Before You Start

MindCluster cluster scheduling components allow users to deploy vLLM inference jobs through AIBrix StormService for job scheduling and rescheduling of faulty instances. The used AIBrix version is v0.5.0, requiring vLLM-Ascend with main branch commit ID 41fbc5e or later.

This section provides feature principles and configuration examples. You can refer to the configuration examples to deploy AIBrix-based vLLM inference jobs.

Prerequisites

Before deploying vLLM inference jobs, ensure that the following components have been installed.

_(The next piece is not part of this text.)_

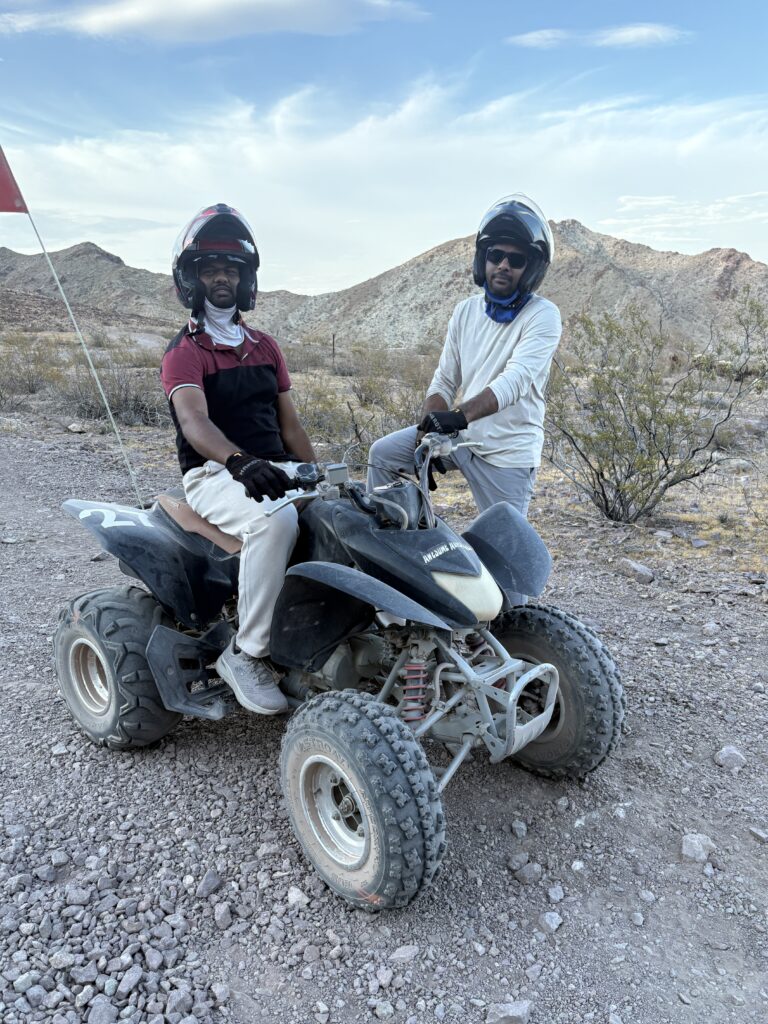Two riders in helmets and sunglasses pose with a black ATV in Nevada’s desert near Las Vegas, perfect for ATV tours and off-road fun.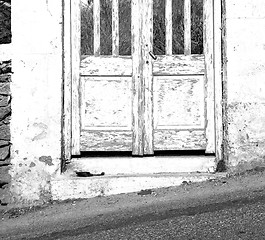 Image showing blue door in antique village santorini greece europe and    whit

If they are not installed, install them by referring to Installation and Deployment.
  • Volcano
  • Ascend Device Plugin
  • Ascend Docker Runtime
  • ClusterD
  • (Optional) NodeD

Supported Products

  • Atlas 800I A2 inference server
  • Atlas 800I A3 SuperPoD Server

Instructions

MindCluster cluster scheduling components support containerized deployment of vLLM inference services and rescheduling upon faults in the following ways: This section focuses on the CLI and one-click script deployment methods.

  • Using the CLI: Deploy a job through its YAML file.
  • One-click script deployment: Deploy a job using an automatic script.
  • Use after integration: Integrate the cluster scheduling components into an existing third-party AI platform or an AI platform developed based on the cluster scheduling components.